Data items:
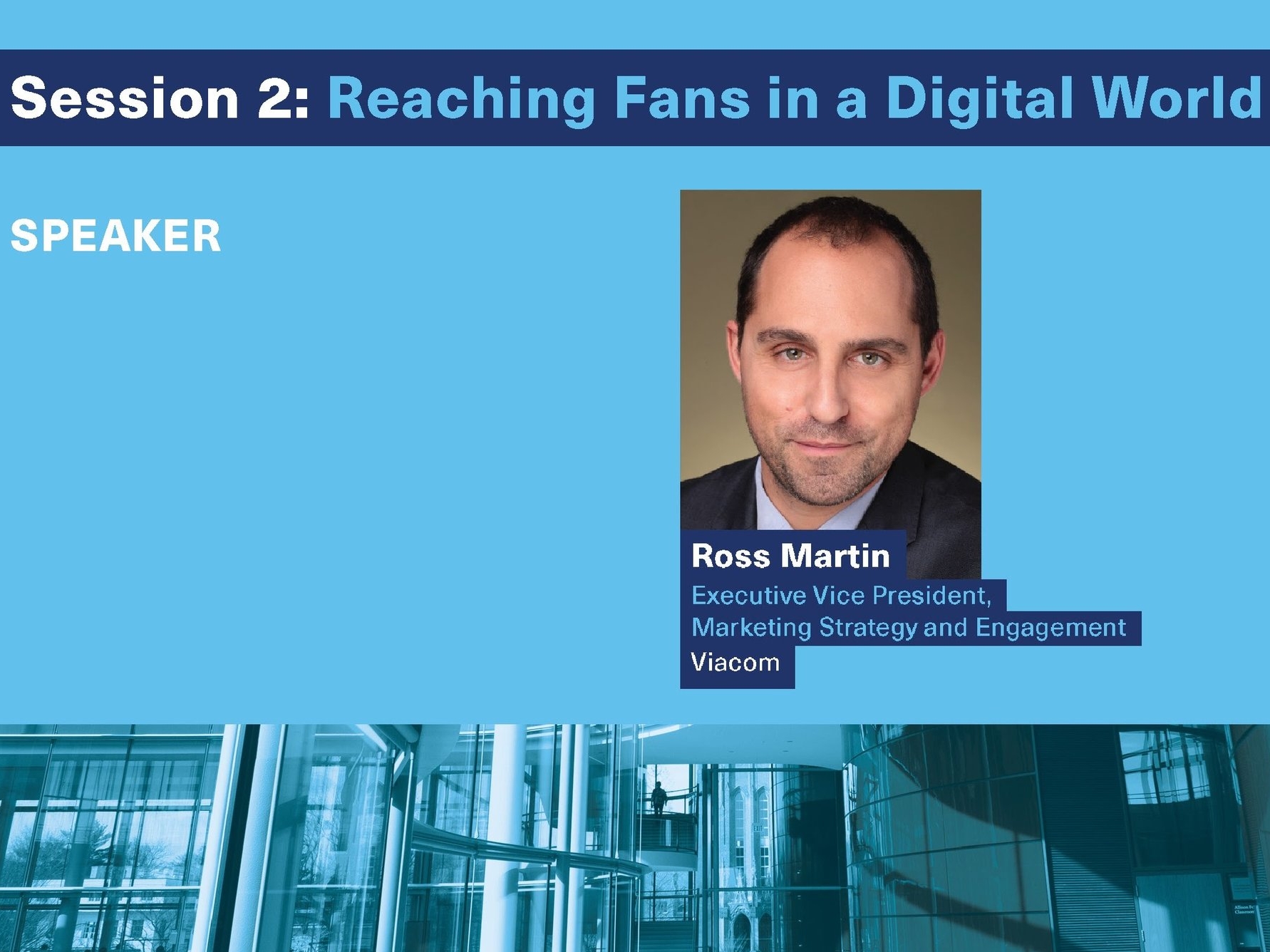 Ross Martin, Viacom: The "Fans First" Approach to Audience Intimacy [Video]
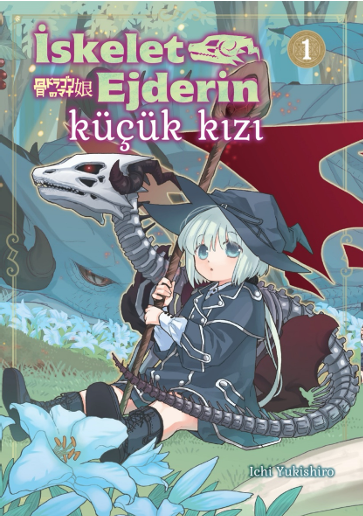 İskelet Ejderin  Küçük Kızı Cilt 1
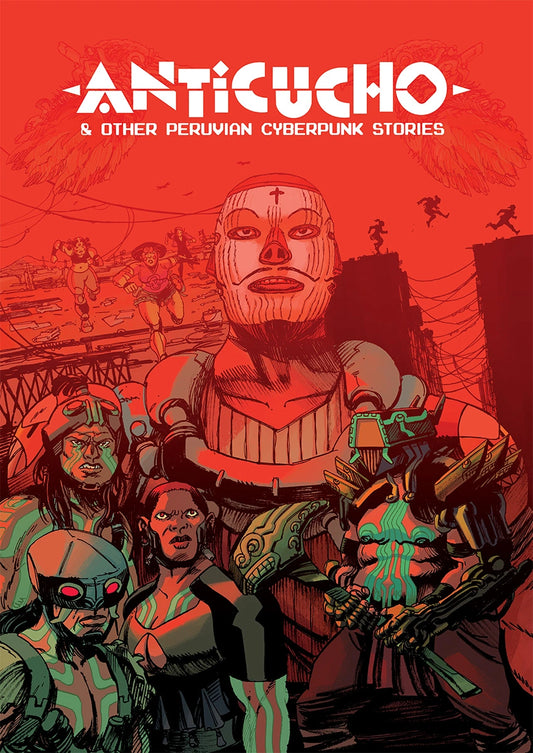ANTICUCHO & Other Peruvian Cyberpunk Stories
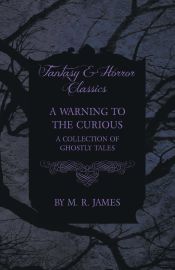 Portada de A Warning to the Curious - A Collection of Ghostly Tales (Fantasy and Horror Classics)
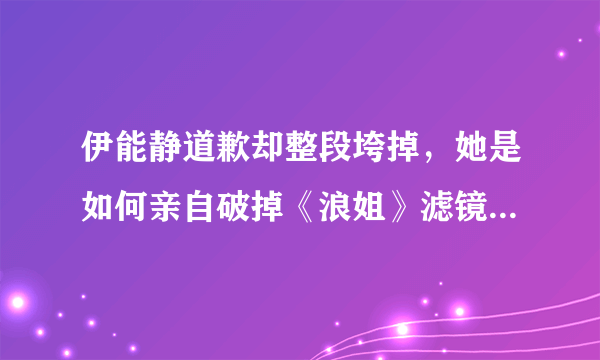 伊能静道歉却整段垮掉，她是如何亲自破掉《浪姐》滤镜并翻车的？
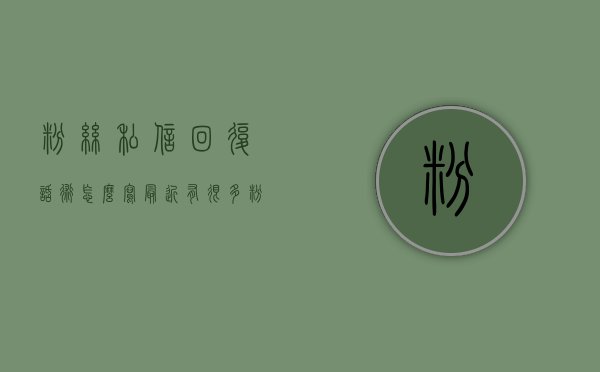 粉丝私信回复话术怎么写（最近有很多粉丝们一直私信问我这个问题，在这里我来做个统一解答）
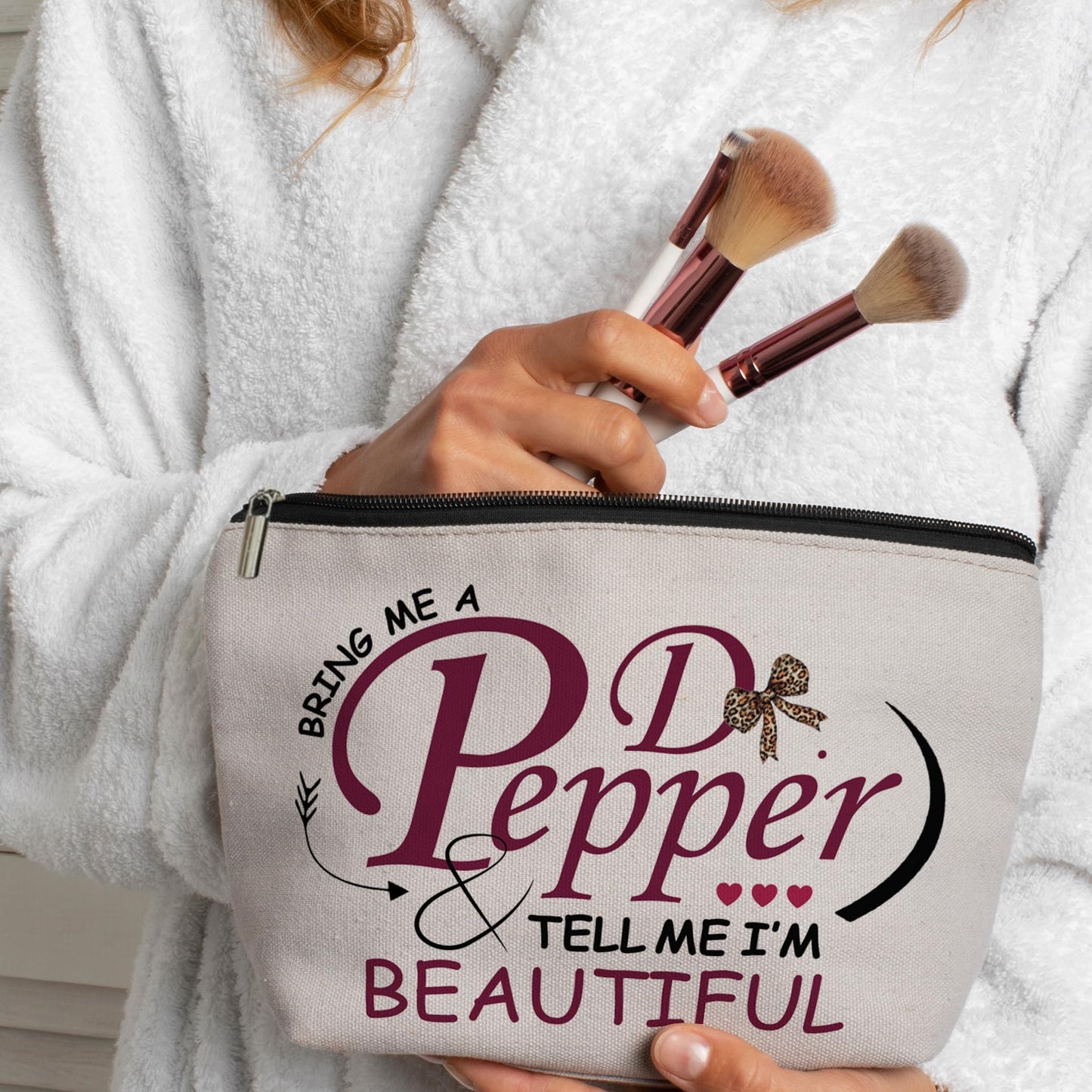 Pepper Merch Makeup Bag Tell Me I’m Beautiful Fun Gift for Dr Drinks Lover Cosmetic Case for Women's Wash Bag Travel Birthday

TASK REQUIREMENTS – Beginning with the line that contains "Kızı Cilt 1" and ending with the last line of the data, restate each line word for word. Exclude the pictures.

FINAL ANSWER –
 İskelet Ejderin  Küçük Kızı Cilt 1
ANTICUCHO & Other Peruvian Cyberpunk Stories
 Portada de A Warning to the Curious - A Collection of Ghostly Tales (Fantasy and Horror Classics)
 伊能静道歉却整段垮掉，她是如何亲自破掉《浪姐》滤镜并翻车的？
 粉丝私信回复话术怎么写（最近有很多粉丝们一直私信问我这个问题，在这里我来做个统一解答）
 Pepper Merch Makeup Bag Tell Me I’m Beautiful Fun Gift for Dr Drinks Lover Cosmetic Case for Women's Wash Bag Travel Birthday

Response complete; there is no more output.